■ EXERCISE ■
I need the entries printed again word for word, without the images.

Collection entries:
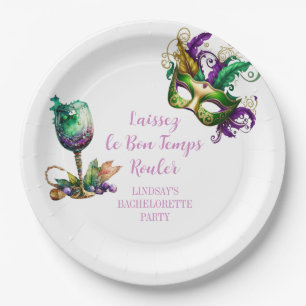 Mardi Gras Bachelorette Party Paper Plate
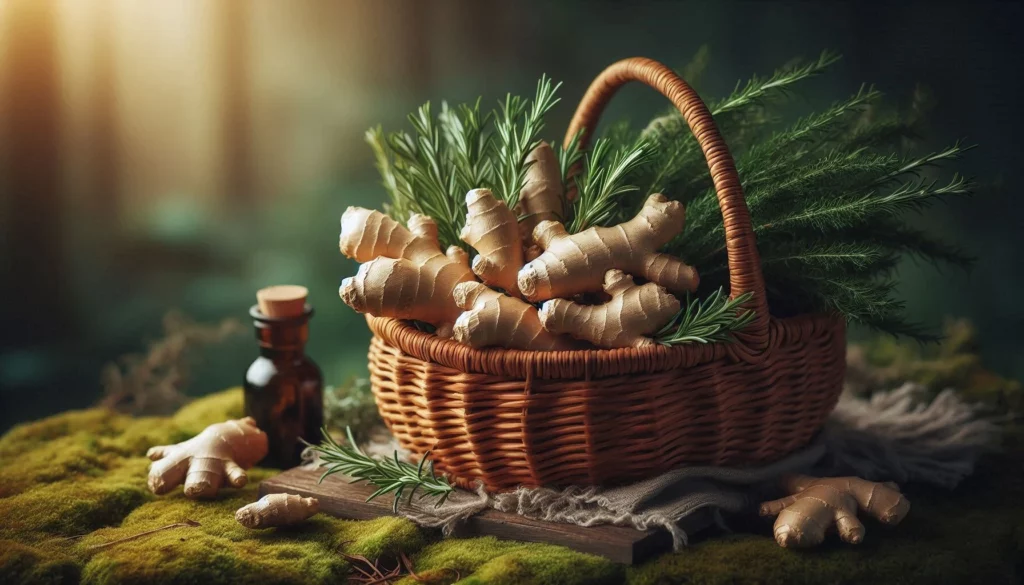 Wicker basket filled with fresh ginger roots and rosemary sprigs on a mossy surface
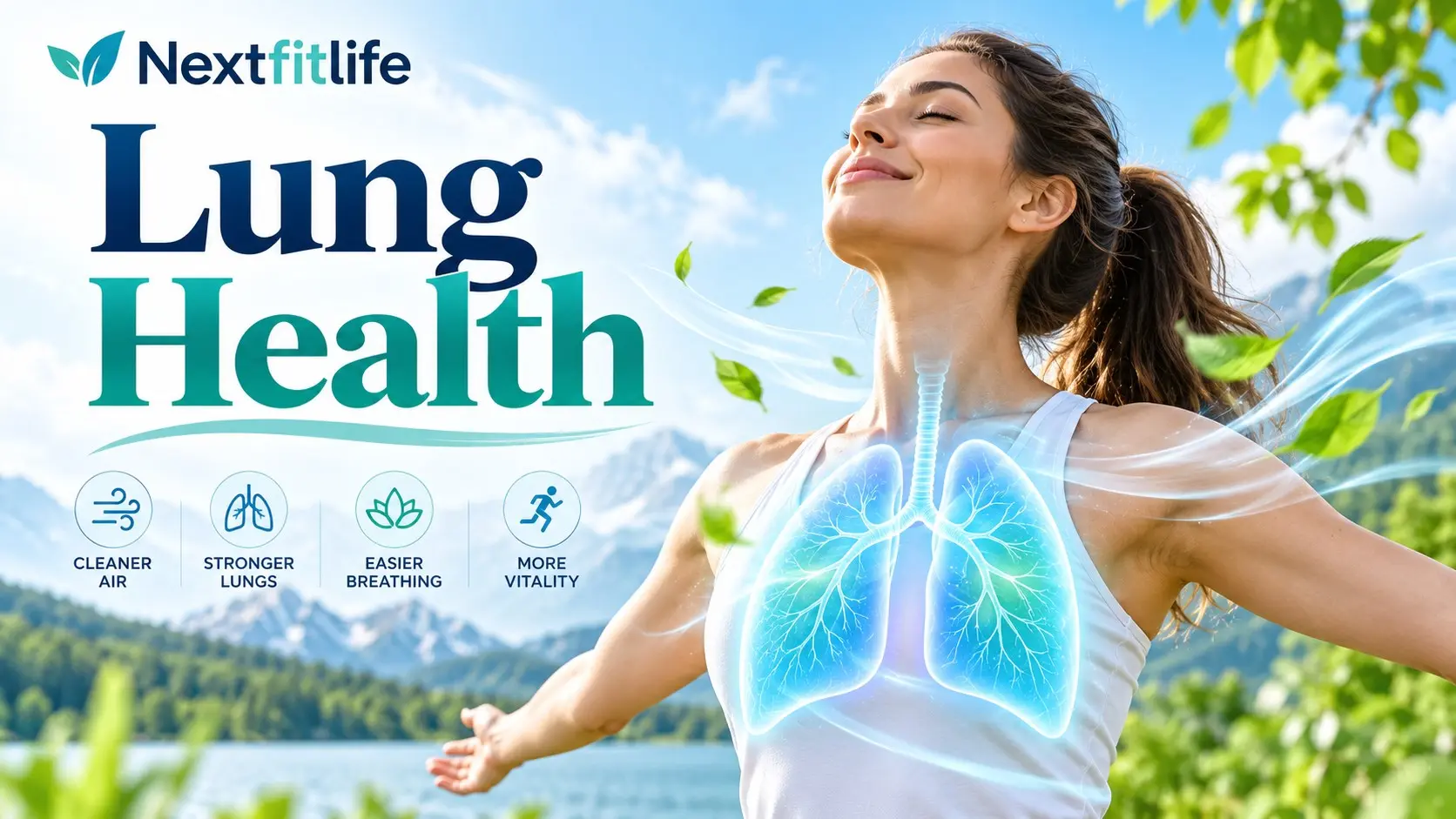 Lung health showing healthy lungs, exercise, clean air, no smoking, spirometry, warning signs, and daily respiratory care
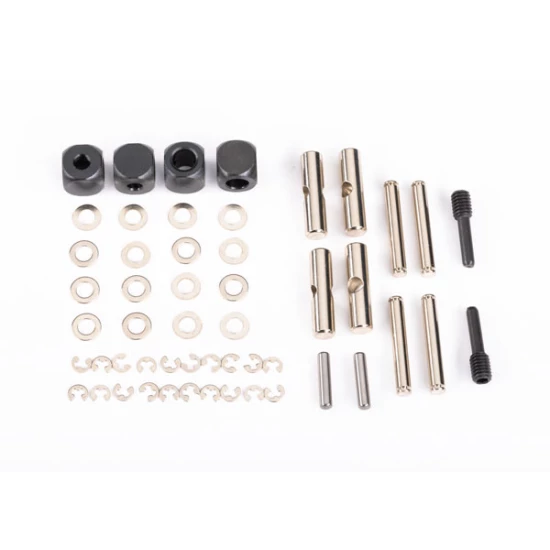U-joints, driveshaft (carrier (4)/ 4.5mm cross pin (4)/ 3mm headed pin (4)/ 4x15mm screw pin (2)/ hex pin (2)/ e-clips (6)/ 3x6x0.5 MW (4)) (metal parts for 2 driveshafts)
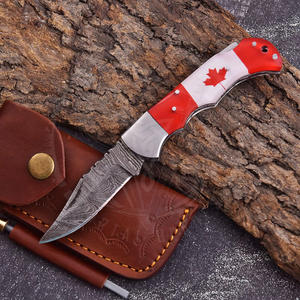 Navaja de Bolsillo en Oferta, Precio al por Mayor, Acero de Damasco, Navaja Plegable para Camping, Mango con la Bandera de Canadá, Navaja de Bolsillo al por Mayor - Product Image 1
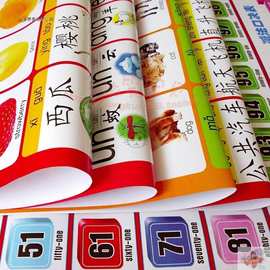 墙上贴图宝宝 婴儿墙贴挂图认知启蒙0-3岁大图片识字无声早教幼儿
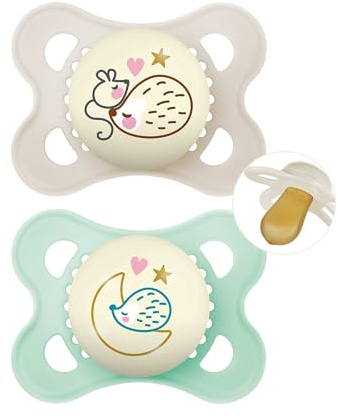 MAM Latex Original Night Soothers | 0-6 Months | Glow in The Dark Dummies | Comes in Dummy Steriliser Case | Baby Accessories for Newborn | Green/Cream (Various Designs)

■ WRITTEN RESPONSE ■
 Mardi Gras Bachelorette Party Paper Plate
 Wicker basket filled with fresh ginger roots and rosemary sprigs on a mossy surface
 Lung health showing healthy lungs, exercise, clean air, no smoking, spirometry, warning signs, and daily respiratory care
U-joints, driveshaft (carrier (4)/ 4.5mm cross pin (4)/ 3mm headed pin (4)/ 4x15mm screw pin (2)/ hex pin (2)/ e-clips (6)/ 3x6x0.5 MW (4)) (metal parts for 2 driveshafts)
 Navaja de Bolsillo en Oferta, Precio al por Mayor, Acero de Damasco, Navaja Plegable para Camping, Mango con la Bandera de Canadá, Navaja de Bolsillo al por Mayor - Product Image 1
 墙上贴图宝宝 婴儿墙贴挂图认知启蒙0-3岁大图片识字无声早教幼儿
 MAM Latex Original Night Soothers | 0-6 Months | Glow in The Dark Dummies | Comes in Dummy Steriliser Case | Baby Accessories for Newborn | Green/Cream (Various Designs)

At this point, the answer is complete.